## THE PROBLEM:
Leave out the images and output the records word for word.

## THE INPUT:
____________________
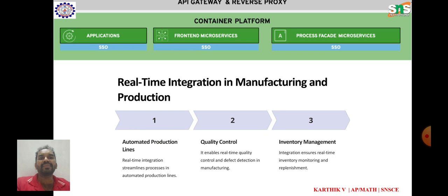Quality control: real-time integration facilitates real-time monitoring of product quality and compliance with quality standards in manufacturing processes. By integrating quality control with production systems, companies can detect defects, deviations, and non-conformities, enabling corrective actions. Supply chain integration: real-time integration enables seamless exchange of data and information with suppliers.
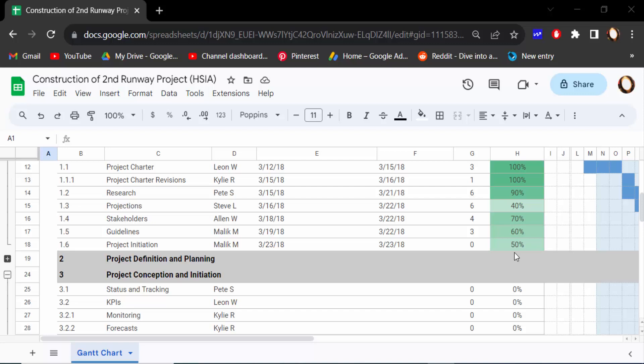Hello everyone, assalamualaikum. In this tutorial today I'll present you how to add or remove date and time when printing in Google Sheets. So let's get started.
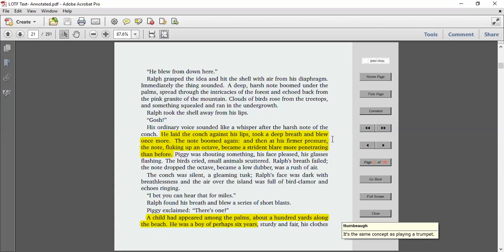He laid the conch against his lips and took a deep breath and blew once more. The note boomed again, and then at his firmer pressure, the note, fluking up an octave, became a strident blare, more penetrating than before. Piggy was shouting something, his face pleased, his glasses flashing. The birds cried and small animals scattered. Ralph's breath failed. The note dropped an octave and then became a low dubber and was a rush of air. The conch was silent, a gleaming tusk, and Ralph's face was dark with breathlessness, and the air over the island was full of bird clamor and echoes ringing.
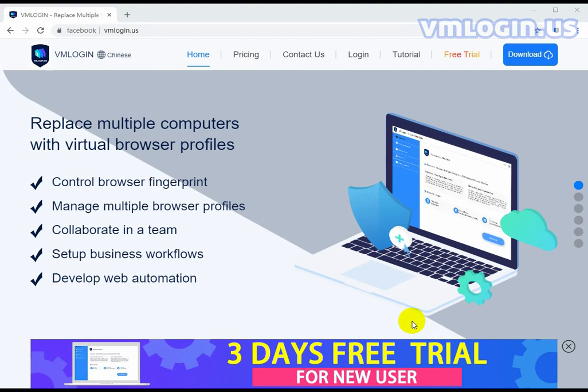Hey guys, thanks for watching. Today I wanted to talk to you about VM Login. Essentially, VM Login is an account manager that allows you to hold all of your online accounts in one place and have access to these accounts from any device.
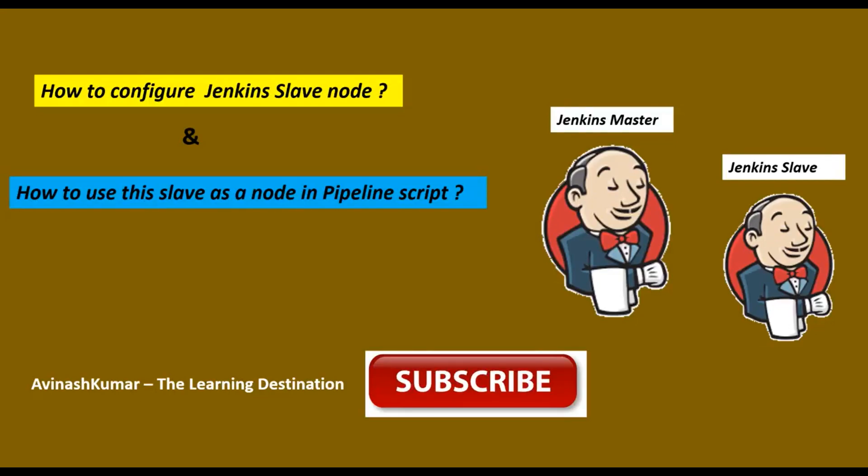Hello guys, a very good morning to everyone. Today I come up with a very useful and important topic. In this topic I'm going to talk about how to configure the Jenkins slave node and how we can use this node inside the pipeline script as an agent or node.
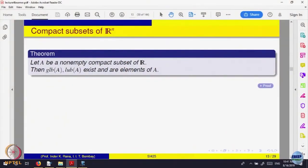Compact sets are defined in terms of sequences: every sequence in that set has a subsequence which is convergent in the set. Using that, we said every compact set must be closed and bounded. And an important application is that since it is bounded, the greatest lower bound and least upper bound exist on the real line and must be attained — they are in the set itself. For example, the open interval (0,1) is not compact; its greatest lower bound is 0 and least upper bound is 1, but neither belongs to the set.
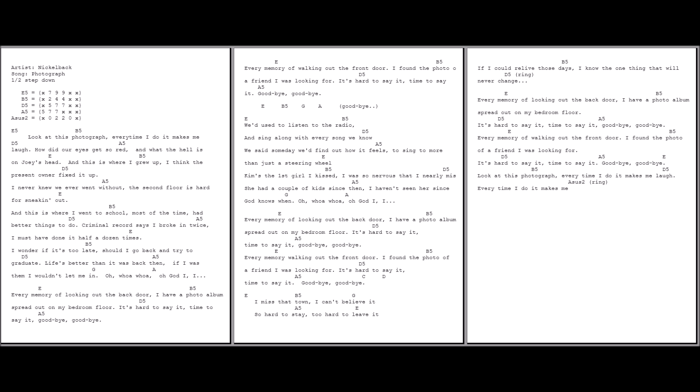We used to listen to the radio and sing along with every song we know. We said someday we'd find out how it feels to sing it more than just a steering wheel.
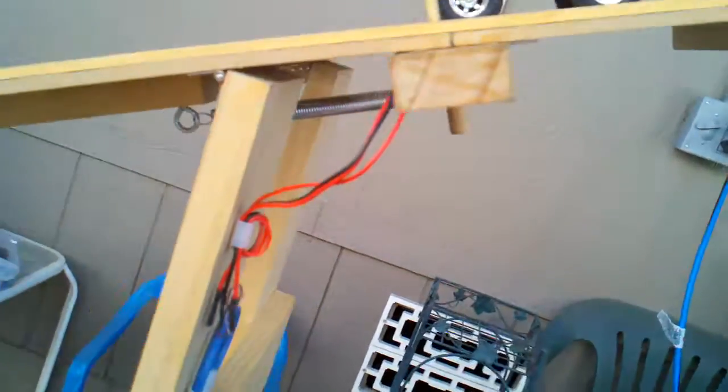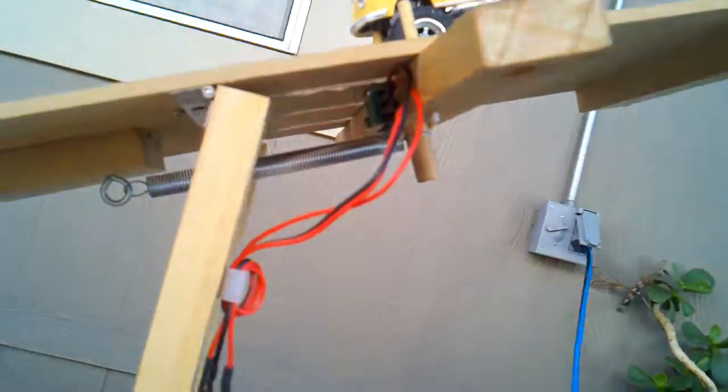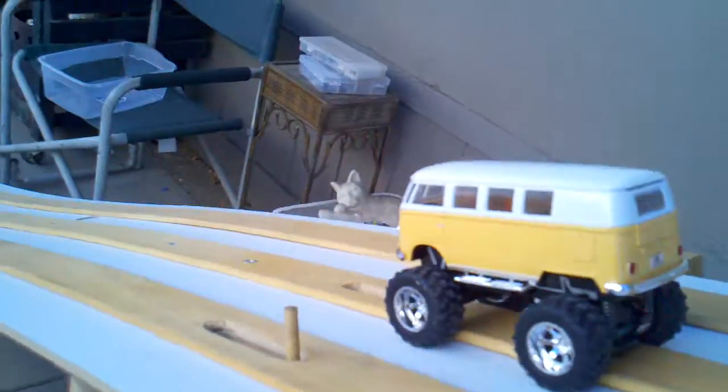And down here, there's a little roller switch. All right, here we go.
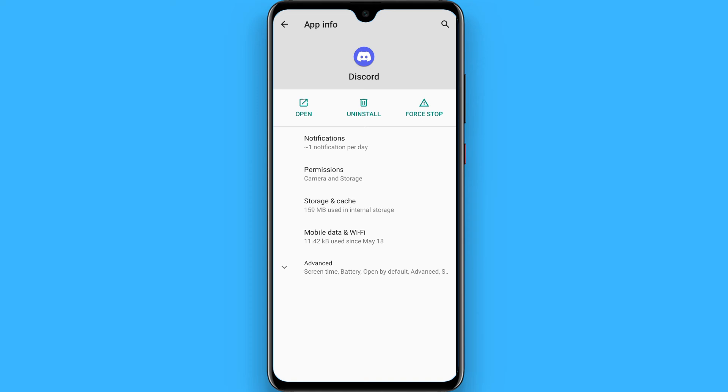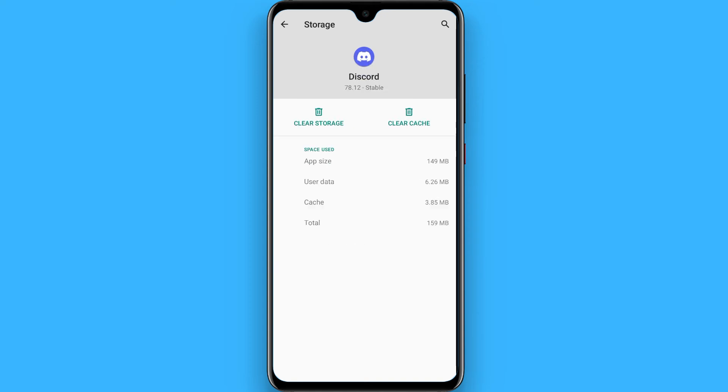Click on Storage and Cache. Right now it takes up a total space of 159 MB. You can simply click on the Clear Cache from here and your cache of Discord will be removed from your phone and some of the space will be freed up.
____________________
## FINISHED EXERCISE:
Quality control: real-time integration facilitates real-time monitoring of product quality and compliance with quality standards in manufacturing processes. By integrating quality control with production systems, companies can detect defects, deviations, and non-conformities, enabling corrective actions. Supply chain integration: real-time integration enables seamless exchange of data and information with suppliers.
Hello everyone, assalamualaikum. In this tutorial today I'll present you how to add or remove date and time when printing in Google Sheets. So let's get started.
He laid the conch against his lips and took a deep breath and blew once more. The note boomed again, and then at his firmer pressure, the note, fluking up an octave, became a strident blare, more penetrating than before. Piggy was shouting something, his face pleased, his glasses flashing. The birds cried and small animals scattered. Ralph's breath failed. The note dropped an octave and then became a low dubber and was a rush of air. The conch was silent, a gleaming tusk, and Ralph's face was dark with breathlessness, and the air over the island was full of bird clamor and echoes ringing.
Hey guys, thanks for watching. Today I wanted to talk to you about VM Login. Essentially, VM Login is an account manager that allows you to hold all of your online accounts in one place and have access to these accounts from any device.
Hello guys, a very good morning to everyone. Today I come up with a very useful and important topic. In this topic I'm going to talk about how to configure the Jenkins slave node and how we can use this node inside the pipeline script as an agent or node.
Compact sets are defined in terms of sequences: every sequence in that set has a subsequence which is convergent in the set. Using that, we said every compact set must be closed and bounded. And an important application is that since it is bounded, the greatest lower bound and least upper bound exist on the real line and must be attained — they are in the set itself. For example, the open interval (0,1) is not compact; its greatest lower bound is 0 and least upper bound is 1, but neither belongs to the set.
We used to listen to the radio and sing along with every song we know. We said someday we'd find out how it feels to sing it more than just a steering wheel.
And down here, there's a little roller switch. All right, here we go.
Click on Storage and Cache. Right now it takes up a total space of 159 MB. You can simply click on the Clear Cache from here and your cache of Discord will be removed from your phone and some of the space will be freed up.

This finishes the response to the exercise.